• Work required:
Only the lines from the top of the data through the line with "Royal Breaker 1.6.0" should be repeated, each exactly as written.

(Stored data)

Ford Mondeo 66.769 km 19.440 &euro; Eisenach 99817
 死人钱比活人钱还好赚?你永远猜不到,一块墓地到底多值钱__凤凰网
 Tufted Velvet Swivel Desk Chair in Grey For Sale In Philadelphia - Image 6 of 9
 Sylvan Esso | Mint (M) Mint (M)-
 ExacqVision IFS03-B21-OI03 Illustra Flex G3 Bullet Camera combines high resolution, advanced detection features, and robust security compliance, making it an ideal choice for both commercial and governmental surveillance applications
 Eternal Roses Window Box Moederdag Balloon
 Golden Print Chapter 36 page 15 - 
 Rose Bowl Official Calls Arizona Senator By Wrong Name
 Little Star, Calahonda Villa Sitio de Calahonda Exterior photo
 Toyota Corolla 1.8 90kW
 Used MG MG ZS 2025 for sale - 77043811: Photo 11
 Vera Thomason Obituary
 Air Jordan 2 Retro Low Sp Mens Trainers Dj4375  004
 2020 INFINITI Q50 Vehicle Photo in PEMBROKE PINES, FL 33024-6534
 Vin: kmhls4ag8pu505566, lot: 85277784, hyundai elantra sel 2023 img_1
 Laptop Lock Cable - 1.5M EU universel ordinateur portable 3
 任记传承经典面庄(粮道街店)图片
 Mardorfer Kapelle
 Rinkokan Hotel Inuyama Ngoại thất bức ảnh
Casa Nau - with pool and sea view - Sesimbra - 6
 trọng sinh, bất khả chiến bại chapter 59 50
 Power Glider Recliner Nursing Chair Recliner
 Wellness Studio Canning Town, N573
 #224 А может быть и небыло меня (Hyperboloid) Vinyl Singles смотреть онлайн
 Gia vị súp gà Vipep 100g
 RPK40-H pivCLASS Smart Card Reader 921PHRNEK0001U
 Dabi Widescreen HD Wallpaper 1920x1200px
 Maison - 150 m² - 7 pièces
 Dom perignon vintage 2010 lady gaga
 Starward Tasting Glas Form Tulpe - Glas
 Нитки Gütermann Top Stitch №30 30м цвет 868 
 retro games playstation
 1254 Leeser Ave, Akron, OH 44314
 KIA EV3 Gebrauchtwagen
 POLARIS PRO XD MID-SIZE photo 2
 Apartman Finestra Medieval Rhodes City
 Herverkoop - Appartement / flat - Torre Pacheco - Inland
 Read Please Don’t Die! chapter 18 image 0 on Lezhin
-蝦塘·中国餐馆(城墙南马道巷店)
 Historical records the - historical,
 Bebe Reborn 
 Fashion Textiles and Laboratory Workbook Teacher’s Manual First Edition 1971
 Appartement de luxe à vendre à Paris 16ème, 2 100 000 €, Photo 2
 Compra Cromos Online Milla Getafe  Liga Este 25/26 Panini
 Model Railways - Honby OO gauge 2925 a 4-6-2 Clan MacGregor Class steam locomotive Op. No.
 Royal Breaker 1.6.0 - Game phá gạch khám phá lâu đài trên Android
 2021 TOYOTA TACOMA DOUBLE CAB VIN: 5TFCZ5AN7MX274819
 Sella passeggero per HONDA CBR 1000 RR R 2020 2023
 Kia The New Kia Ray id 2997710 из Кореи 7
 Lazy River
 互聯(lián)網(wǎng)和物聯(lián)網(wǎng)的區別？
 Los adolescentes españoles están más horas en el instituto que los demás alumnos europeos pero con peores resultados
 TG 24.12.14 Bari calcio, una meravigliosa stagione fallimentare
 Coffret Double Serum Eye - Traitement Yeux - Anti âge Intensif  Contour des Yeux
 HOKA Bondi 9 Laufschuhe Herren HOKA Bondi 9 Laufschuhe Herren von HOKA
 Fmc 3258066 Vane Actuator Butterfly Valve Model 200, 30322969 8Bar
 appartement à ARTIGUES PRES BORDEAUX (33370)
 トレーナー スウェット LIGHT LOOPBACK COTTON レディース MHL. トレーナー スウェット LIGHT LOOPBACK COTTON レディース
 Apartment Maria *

• Completed exercise:
Ford Mondeo 66.769 km 19.440 &euro; Eisenach 99817
 死人钱比活人钱还好赚?你永远猜不到,一块墓地到底多值钱__凤凰网
 Tufted Velvet Swivel Desk Chair in Grey For Sale In Philadelphia - Image 6 of 9
 Sylvan Esso | Mint (M) Mint (M)-
 ExacqVision IFS03-B21-OI03 Illustra Flex G3 Bullet Camera combines high resolution, advanced detection features, and robust security compliance, making it an ideal choice for both commercial and governmental surveillance applications
 Eternal Roses Window Box Moederdag Balloon
 Golden Print Chapter 36 page 15 - 
 Rose Bowl Official Calls Arizona Senator By Wrong Name
 Little Star, Calahonda Villa Sitio de Calahonda Exterior photo
 Toyota Corolla 1.8 90kW
 Used MG MG ZS 2025 for sale - 77043811: Photo 11
 Vera Thomason Obituary
 Air Jordan 2 Retro Low Sp Mens Trainers Dj4375  004
 2020 INFINITI Q50 Vehicle Photo in PEMBROKE PINES, FL 33024-6534
 Vin: kmhls4ag8pu505566, lot: 85277784, hyundai elantra sel 2023 img_1
 Laptop Lock Cable - 1.5M EU universel ordinateur portable 3
 任记传承经典面庄(粮道街店)图片
 Mardorfer Kapelle
 Rinkokan Hotel Inuyama Ngoại thất bức ảnh
Casa Nau - with pool and sea view - Sesimbra - 6
 trọng sinh, bất khả chiến bại chapter 59 50
 Power Glider Recliner Nursing Chair Recliner
 Wellness Studio Canning Town, N573
 #224 А может быть и небыло меня (Hyperboloid) Vinyl Singles смотреть онлайн
 Gia vị súp gà Vipep 100g
 RPK40-H pivCLASS Smart Card Reader 921PHRNEK0001U
 Dabi Widescreen HD Wallpaper 1920x1200px
 Maison - 150 m² - 7 pièces
 Dom perignon vintage 2010 lady gaga
 Starward Tasting Glas Form Tulpe - Glas
 Нитки Gütermann Top Stitch №30 30м цвет 868 
 retro games playstation
 1254 Leeser Ave, Akron, OH 44314
 KIA EV3 Gebrauchtwagen
 POLARIS PRO XD MID-SIZE photo 2
 Apartman Finestra Medieval Rhodes City
 Herverkoop - Appartement / flat - Torre Pacheco - Inland
 Read Please Don’t Die! chapter 18 image 0 on Lezhin
-蝦塘·中国餐馆(城墙南马道巷店)
 Historical records the - historical,
 Bebe Reborn 
 Fashion Textiles and Laboratory Workbook Teacher’s Manual First Edition 1971
 Appartement de luxe à vendre à Paris 16ème, 2 100 000 €, Photo 2
 Compra Cromos Online Milla Getafe  Liga Este 25/26 Panini
 Model Railways - Honby OO gauge 2925 a 4-6-2 Clan MacGregor Class steam locomotive Op. No.
 Royal Breaker 1.6.0 - Game phá gạch khám phá lâu đài trên Android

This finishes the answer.